Nevertheless, even without a Quickshifter, the Slipper-Assist Clutch of the Z900 is super smooth to operate and doesn’t slow the bike when upshifting/downshifting. 

What’s really new, as mentioned earlier, are the Traction Control and Riding Modes. Both features have 3 settings each. Traction Control has 4 settings, namely 1, 2, 3 and Off while Ride mode has Sport, Ride and Rain. Both KTRC and Riding Modes are stepless and can be set independently from one another, as in using Sport in any TC choices, and the same applies for Ride and Rain modes. 

Sport is the ideal choice for a track day; Ride is for normal city & twisty roads while Rain is slippery surfaces. And KRTC can be set at one’s discretion regardless of the Ride modes. 

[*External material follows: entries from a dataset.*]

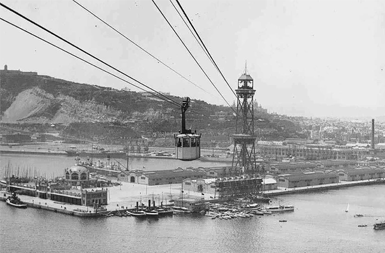 Vista del telefèric del port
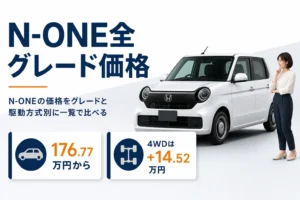 N-ONEの新車価格の幅と4WDの差額を示したアイキャッチ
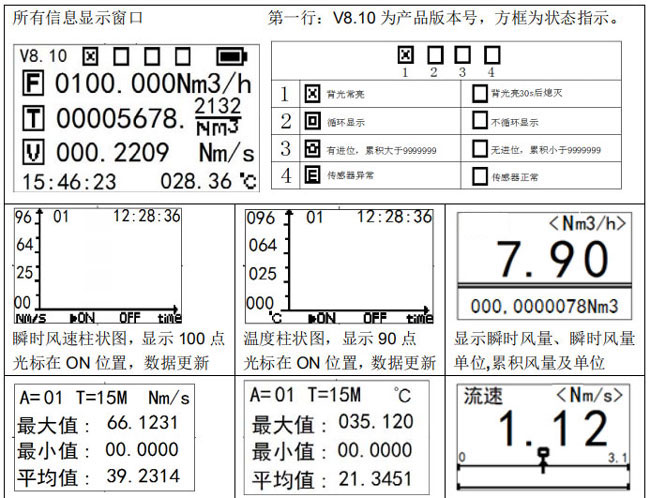 高温便携式风速风量计 VF310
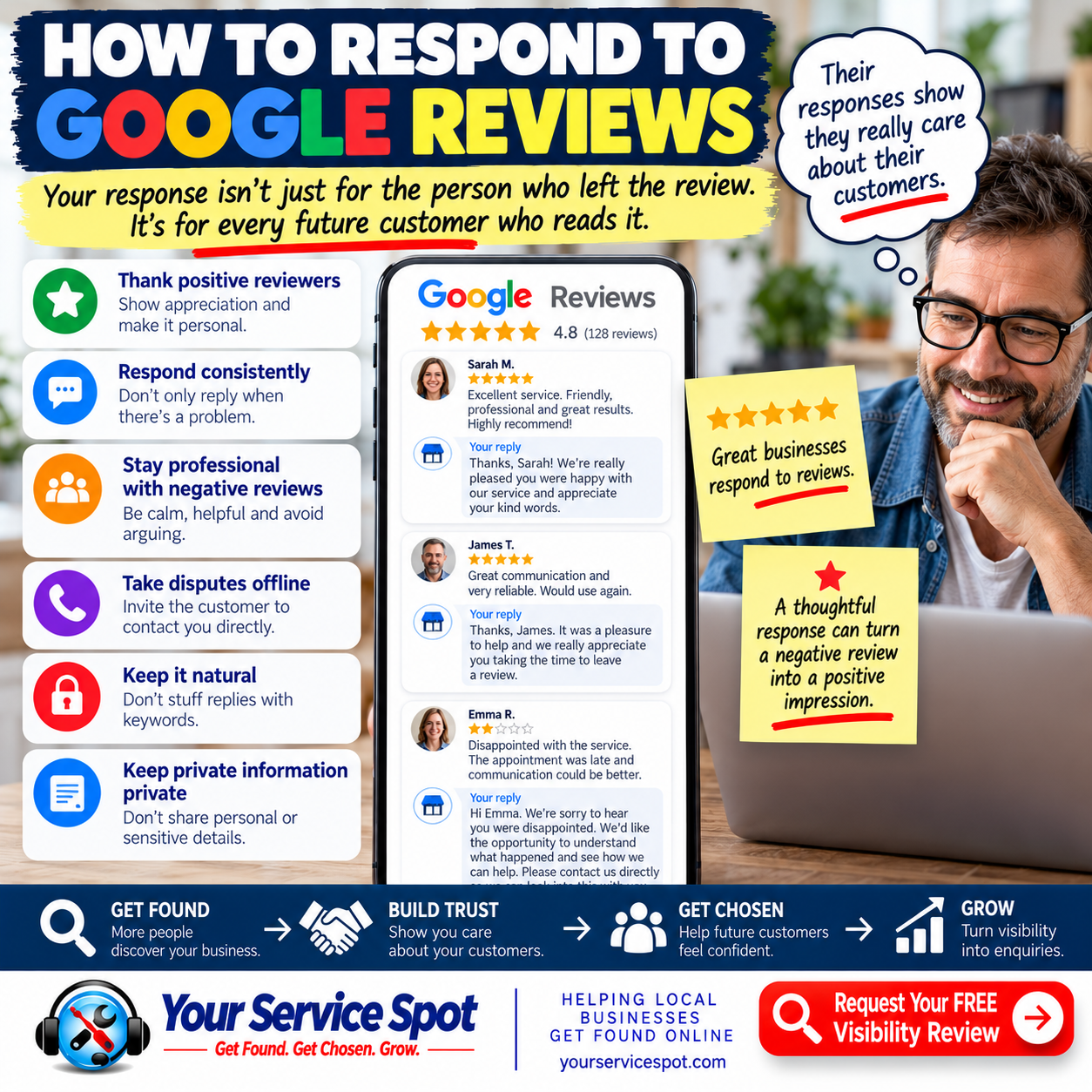 How to Respond to Google Reviews | A Business Guide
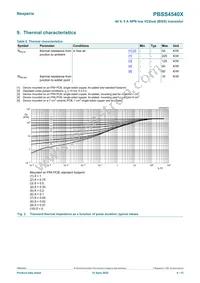 PBSS4540X Datasheet Page 4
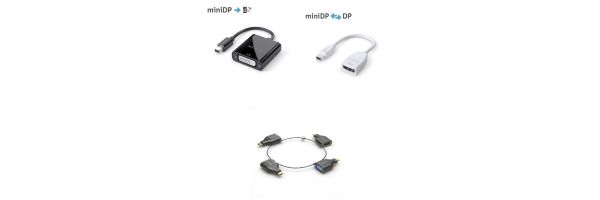Mini DisplayPort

Acceleration and midrange torque of the Z900 are superb – since its engine is a detuned variant of Kawasaki’s 1043cc inline four, coupled with its curb weight of mere 212kg, the handling and performance when cruising along twisty S-Curves roads are enjoyable and fun. It’s pretty exciting too if there’s not much traffic slowing the Z900 along such winding segment. 

The fuel tank capacity remains unchanged at 17-litre, with the electronic sensor giving a range of some 265km mileage if the tank is filled to the brim. Like every Kawasaki motorcycle that incorporates a 17-litre capacity, the Z900’s Low Fuel Gauge blinks once 13-litre has been used, leaving 4-litre in reserve for the rider to find a petrol station to top up. No worries though as the remaining 4-litre is enough to last another 72km mileage provided the cruising speed is not more than 120km/h. 

The selling prices of the Z900 are available in 2 colour options: 

RRP of RM43,900 for the gray version, and RM44,900 for Black option.